Pia Tapsell
- Born: 2 August 1998 (age 27) Melbourne, Victoria, Australia
- Height: 1.78 m (5 ft 10 in)
- Weight: 86 kg (13 st 8 lb)

Rugby union career
- Position: Loose forward

Provincial / State sides
- Years: Team / Apps / (Points)
- 2016–2020: North Harbour / 24 / (50)
- 2020–2022: Bay of Plenty Volcanix / 11 / (10)

Super Rugby
- Years: Team / Apps / (Points)
- 2021–2022: Chiefs Manawa / 4 / (0)
- 2025: Western Force /  / (0)

International career
- Years: Team / Apps / (Points)
- 2019–2020: New Zealand / 6 / (5)
- Rugby league career

Playing information
- Position: Prop, Lock
Club
| Years | Team | Pld | T | G | FG | P |
| 2024–25 | Cronulla-Sutherland Sharks | 0 | 0 | 0 | 0 | 0 |
| 2025 | St. George Illawarra Dragons | 5 | 0 | 0 | 0 | 0 |
|  | Total | 5 | 0 | 0 | 0 | 0 |
- As of 19 February 2026

= Pia Tapsell =

NZ International rugby union & league player (born 1998)

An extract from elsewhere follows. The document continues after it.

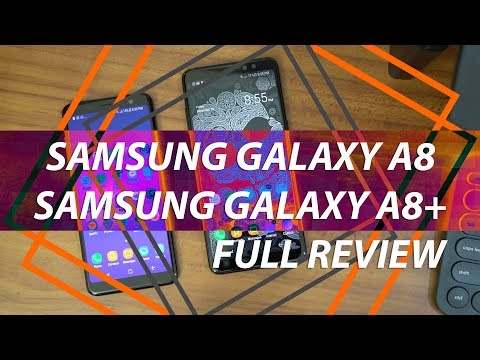 Samsung Galaxy A8 and Samsung Galaxy A8+ Review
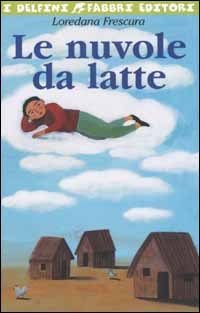 9788845128943 - Le nuvole da latte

Pia Tapsell (born 2 August 1998) is a New Zealand former rugby union & current rugby league player. She played as a Loose forward for the Black Ferns and for Chiefs Manawa in the Super Rugby Aupiki competition. She played for the Western Force Women in the Super Rugby Women's competition.

== Background ==
Tapsell was born in Melbourne, Australia due to her parents being posted there by the Royal New Zealand Navy, but was raised in New Zealand as Ngāti Whakauae and Te Arawa iwi.

== Rugby career ==
Tapsell made her test debut for New Zealand against Canada at the 2019 Women's Rugby Super Series on 28 June at San Diego. She started in all of the Black Ferns six test matches of 2019. She later appeared for the New Zealand Development XV in Fiji for the Oceania Rugby Women's Championship.

She played for the Possibles in a Black Ferns trial match in 2020 and then featured for the Black Ferns against the New Zealand Barbarians. She previously played for North Harbour before representing Bay of Plenty at the 2020 Farah Palmer Cup.

In 2021 she was named in the Chiefs squad for their historic clash with the Blues. It was the first-ever women's Super Rugby match to be played in New Zealand. Later that year she signed a contract with the Chiefs for the inaugural season of Super Rugby Aupiki.

Tapsell was ruled out for the 2023 Super Rugby Aupiki season due to an ACL injury. In 2025, she joined the Western Force Women in the Super Rugby Women's competition.

==Rugby league==
===Cronulla-Sutherland Sharks Women===
On 6 February 2024 it was reported that she had signed for Cronulla-Sutherland Sharks in the NRLW

===St. George Illawarra Dragons Women===
On 5th July 2025 Pia made her NRLW debut for St. George Illawarra Dragons in the NRLW in Round 1 against the Canberra Raiders at GIO Stadium. The Dragons won the game 36-14.